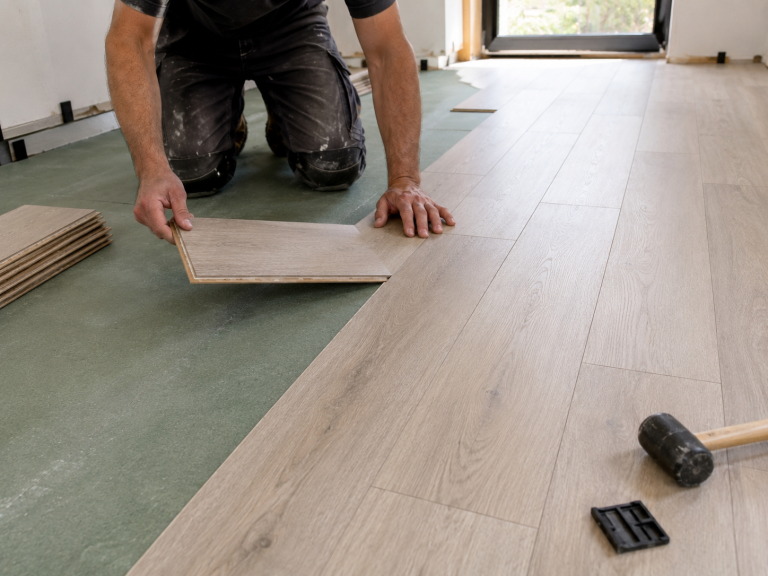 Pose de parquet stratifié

==

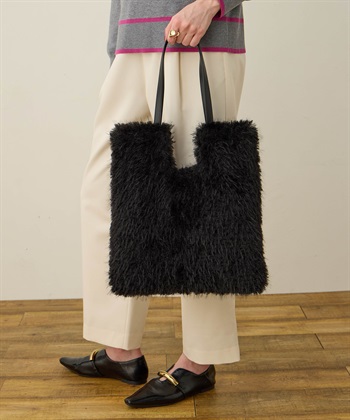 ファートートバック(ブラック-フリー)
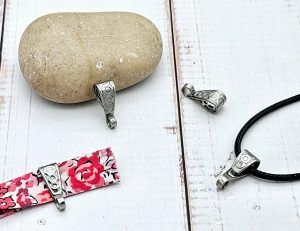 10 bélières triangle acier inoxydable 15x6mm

* [TASK OBJECTIVE] Look above for the line containing "ファートートバック(ブラック-フリー)" and the line containing "10 bélières triangle acier inoxydable 15x6mm", then reproduce both and everything between them exactly, pictures omitted.

* [YOUR SOLUTION]
 ファートートバック(ブラック-フリー)
 10 bélières triangle acier inoxydable 15x6mm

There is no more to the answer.